## What the task requires
Every line in the records below between the one holding "vidaXL Ausziehbare Seitenmarkise" and the one holding "Eternal Flame of", inclusive, is to be set down exactly; all other lines are to be left out.

Caption-style text data:
BEGIN
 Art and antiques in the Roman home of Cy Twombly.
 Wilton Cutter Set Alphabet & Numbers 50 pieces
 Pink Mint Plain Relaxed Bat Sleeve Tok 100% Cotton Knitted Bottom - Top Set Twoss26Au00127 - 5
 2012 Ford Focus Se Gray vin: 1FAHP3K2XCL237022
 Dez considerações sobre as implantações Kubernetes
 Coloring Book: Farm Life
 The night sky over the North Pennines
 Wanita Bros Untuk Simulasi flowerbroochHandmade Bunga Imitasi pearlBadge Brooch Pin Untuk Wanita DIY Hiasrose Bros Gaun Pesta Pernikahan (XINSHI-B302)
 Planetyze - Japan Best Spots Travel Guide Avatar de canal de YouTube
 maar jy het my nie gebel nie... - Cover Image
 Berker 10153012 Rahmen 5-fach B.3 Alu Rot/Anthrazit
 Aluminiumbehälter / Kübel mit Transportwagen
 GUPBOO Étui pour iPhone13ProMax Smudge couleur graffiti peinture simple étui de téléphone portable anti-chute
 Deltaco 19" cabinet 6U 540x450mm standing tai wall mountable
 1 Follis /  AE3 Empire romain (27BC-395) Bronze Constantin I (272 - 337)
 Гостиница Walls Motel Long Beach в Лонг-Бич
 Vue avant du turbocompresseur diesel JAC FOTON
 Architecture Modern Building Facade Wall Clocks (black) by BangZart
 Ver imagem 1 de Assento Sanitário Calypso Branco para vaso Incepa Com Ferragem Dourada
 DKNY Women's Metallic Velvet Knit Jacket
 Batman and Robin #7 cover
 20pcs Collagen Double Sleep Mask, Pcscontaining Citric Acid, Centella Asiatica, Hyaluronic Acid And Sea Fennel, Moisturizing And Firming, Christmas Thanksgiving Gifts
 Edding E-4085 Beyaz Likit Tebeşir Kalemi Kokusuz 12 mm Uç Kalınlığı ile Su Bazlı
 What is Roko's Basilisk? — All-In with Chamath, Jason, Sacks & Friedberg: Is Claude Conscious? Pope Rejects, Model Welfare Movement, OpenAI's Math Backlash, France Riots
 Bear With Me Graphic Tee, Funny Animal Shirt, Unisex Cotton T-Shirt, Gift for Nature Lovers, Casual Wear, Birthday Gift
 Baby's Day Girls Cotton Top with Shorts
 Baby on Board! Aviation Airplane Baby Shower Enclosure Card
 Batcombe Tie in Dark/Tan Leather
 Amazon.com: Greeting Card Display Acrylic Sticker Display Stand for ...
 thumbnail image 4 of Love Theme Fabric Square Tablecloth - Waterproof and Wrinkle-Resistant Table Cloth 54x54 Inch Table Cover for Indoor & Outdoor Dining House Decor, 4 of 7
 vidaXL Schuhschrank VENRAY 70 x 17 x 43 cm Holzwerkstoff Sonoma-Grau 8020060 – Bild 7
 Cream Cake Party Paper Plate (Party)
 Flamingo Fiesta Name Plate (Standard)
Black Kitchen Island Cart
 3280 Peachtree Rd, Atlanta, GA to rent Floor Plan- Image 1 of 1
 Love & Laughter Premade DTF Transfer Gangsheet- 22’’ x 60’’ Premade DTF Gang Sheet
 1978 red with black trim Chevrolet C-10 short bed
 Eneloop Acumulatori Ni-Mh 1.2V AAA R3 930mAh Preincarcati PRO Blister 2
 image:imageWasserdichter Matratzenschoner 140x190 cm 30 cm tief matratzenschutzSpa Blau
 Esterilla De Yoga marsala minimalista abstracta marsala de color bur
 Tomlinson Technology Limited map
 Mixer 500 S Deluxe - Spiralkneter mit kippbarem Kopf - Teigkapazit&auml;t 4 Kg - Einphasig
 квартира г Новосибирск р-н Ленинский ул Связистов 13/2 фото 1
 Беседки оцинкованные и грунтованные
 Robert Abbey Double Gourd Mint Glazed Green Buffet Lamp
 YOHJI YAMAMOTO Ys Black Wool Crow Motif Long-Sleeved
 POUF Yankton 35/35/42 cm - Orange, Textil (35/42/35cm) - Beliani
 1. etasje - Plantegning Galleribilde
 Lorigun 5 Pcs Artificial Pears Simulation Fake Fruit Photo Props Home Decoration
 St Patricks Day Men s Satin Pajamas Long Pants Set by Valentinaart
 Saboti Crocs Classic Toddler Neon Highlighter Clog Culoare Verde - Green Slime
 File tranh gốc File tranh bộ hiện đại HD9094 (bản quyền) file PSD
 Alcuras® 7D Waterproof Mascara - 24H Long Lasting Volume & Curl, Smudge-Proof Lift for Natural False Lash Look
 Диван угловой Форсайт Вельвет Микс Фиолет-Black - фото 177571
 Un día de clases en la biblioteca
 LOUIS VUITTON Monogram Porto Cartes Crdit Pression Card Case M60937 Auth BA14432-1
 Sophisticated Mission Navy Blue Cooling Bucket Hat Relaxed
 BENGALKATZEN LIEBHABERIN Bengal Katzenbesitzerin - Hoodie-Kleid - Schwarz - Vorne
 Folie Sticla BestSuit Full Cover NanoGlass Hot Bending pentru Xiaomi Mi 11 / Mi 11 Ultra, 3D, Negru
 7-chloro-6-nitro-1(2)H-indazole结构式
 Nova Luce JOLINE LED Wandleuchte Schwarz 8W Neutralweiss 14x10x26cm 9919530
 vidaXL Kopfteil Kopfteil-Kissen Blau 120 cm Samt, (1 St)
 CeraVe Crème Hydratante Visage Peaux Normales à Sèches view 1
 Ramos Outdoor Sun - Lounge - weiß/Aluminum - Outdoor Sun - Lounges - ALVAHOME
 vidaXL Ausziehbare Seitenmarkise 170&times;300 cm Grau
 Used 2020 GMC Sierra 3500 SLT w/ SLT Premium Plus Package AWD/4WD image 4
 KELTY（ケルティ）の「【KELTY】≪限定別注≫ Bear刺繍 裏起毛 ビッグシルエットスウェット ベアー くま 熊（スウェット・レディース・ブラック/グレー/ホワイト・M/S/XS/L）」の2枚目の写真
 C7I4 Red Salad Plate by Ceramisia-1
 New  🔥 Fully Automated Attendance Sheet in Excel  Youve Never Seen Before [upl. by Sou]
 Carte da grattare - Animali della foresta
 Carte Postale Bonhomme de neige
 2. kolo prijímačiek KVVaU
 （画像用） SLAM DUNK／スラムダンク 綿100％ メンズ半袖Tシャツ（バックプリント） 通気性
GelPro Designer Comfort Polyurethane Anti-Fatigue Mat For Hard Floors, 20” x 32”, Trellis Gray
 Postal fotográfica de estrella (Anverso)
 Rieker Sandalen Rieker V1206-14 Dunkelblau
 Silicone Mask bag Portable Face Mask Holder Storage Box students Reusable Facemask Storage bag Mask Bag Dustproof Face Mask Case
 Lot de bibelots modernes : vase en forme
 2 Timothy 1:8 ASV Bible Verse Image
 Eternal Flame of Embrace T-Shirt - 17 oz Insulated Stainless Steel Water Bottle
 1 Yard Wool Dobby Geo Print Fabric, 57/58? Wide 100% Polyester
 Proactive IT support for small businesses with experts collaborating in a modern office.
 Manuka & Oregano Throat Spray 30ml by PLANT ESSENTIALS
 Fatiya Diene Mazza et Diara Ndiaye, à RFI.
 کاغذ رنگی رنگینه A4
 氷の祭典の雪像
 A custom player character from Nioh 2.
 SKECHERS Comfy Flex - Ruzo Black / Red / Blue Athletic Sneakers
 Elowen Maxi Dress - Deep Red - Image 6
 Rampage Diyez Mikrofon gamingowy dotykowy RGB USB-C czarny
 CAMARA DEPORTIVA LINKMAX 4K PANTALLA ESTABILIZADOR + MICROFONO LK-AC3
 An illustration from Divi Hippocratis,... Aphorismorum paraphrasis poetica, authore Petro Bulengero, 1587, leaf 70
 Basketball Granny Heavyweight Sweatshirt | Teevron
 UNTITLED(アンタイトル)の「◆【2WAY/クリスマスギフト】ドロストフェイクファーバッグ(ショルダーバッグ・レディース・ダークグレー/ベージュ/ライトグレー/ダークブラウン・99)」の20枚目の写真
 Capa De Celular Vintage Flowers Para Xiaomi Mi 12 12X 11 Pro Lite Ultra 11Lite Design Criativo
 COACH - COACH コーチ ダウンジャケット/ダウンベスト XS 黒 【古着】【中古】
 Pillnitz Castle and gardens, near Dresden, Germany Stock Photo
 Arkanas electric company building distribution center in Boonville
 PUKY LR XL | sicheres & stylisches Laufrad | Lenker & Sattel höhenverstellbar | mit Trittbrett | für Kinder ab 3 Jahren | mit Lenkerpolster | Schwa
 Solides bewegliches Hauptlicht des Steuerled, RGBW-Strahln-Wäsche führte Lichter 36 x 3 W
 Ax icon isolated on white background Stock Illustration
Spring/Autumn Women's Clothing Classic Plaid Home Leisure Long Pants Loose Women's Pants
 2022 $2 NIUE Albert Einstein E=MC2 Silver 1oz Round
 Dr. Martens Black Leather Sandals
END
## Expected output
 vidaXL Ausziehbare Seitenmarkise 170&times;300 cm Grau
 Used 2020 GMC Sierra 3500 SLT w/ SLT Premium Plus Package AWD/4WD image 4
 KELTY（ケルティ）の「【KELTY】≪限定別注≫ Bear刺繍 裏起毛 ビッグシルエットスウェット ベアー くま 熊（スウェット・レディース・ブラック/グレー/ホワイト・M/S/XS/L）」の2枚目の写真
 C7I4 Red Salad Plate by Ceramisia-1
 New  🔥 Fully Automated Attendance Sheet in Excel  Youve Never Seen Before [upl. by Sou]
 Carte da grattare - Animali della foresta
 Carte Postale Bonhomme de neige
 2. kolo prijímačiek KVVaU
 （画像用） SLAM DUNK／スラムダンク 綿100％ メンズ半袖Tシャツ（バックプリント） 通気性
GelPro Designer Comfort Polyurethane Anti-Fatigue Mat For Hard Floors, 20” x 32”, Trellis Gray
 Postal fotográfica de estrella (Anverso)
 Rieker Sandalen Rieker V1206-14 Dunkelblau
 Silicone Mask bag Portable Face Mask Holder Storage Box students Reusable Facemask Storage bag Mask Bag Dustproof Face Mask Case
 Lot de bibelots modernes : vase en forme
 2 Timothy 1:8 ASV Bible Verse Image
 Eternal Flame of Embrace T-Shirt - 17 oz Insulated Stainless Steel Water Bottle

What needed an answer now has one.